The chief of Europol says online thieves are shifting their targets from bank customers to the banks themselves.

“That has been an important change,” Europol director Rob Wainwright told reporters at a cyber security summit in The Hague.

He said hacks were showing a remarkable “level of sophistication, in terms of the malware that's being used, and in terms of the sophisticated social engineering to identify the most important personnel among the banks' employees”.

He said that for every case reported in the media, there are many more never made public.

“Now that's dangerous because in those cases it led to millions of losses, multi-million losses,” he said.

“But it also shows a level of capability that is getting higher all the time, and perhaps runs the risk of outstripping the ability of the banks to deal with it.

“It is raising serious questions about, even, about the health of the financial services industry.”

He said there is a limited number of “kingpins” behind hacks on banks - between 100 and 1,000 – most of which come from Russia or Ukraine.

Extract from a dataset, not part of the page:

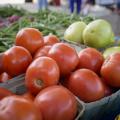 Portrait of farmers market produce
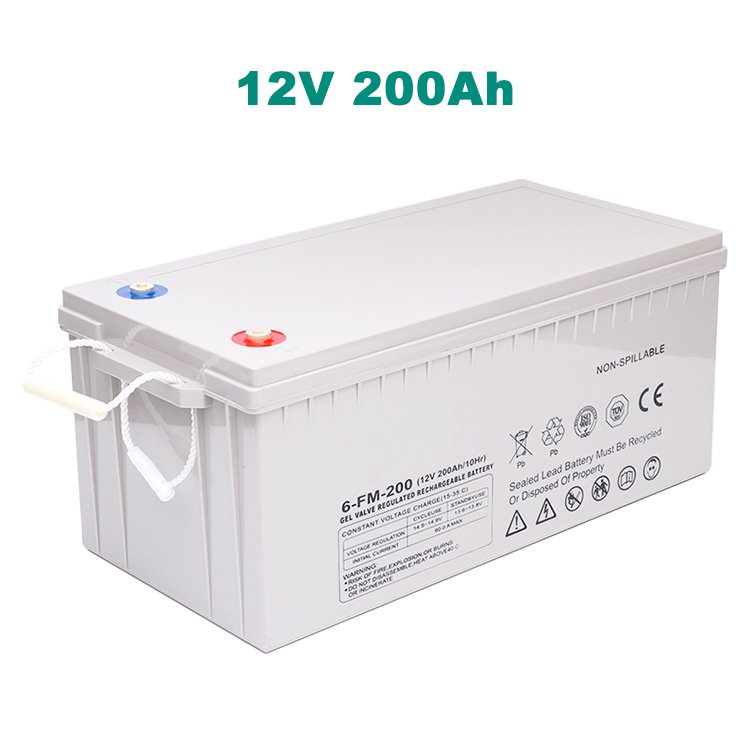 Sunpal 12v Gel Battery 200ah 250 120 Ah Amp Batteries For Solar System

“Certainly, in terms of the banking trojans, we say its ostensibly a Russian-speaking problem,” Wainwright said.

He said banks should improve their defences by finding which employees are most vulnerable to attack, especially among those with authority over vital infrastructure.

The Europol leader said cyber-criminals are “very dependent on their code writers and they are not infinite in number”.

Wainwright indicated police could be devoting special resources to finding the creators of malware, which can be bought and used by almost anyone.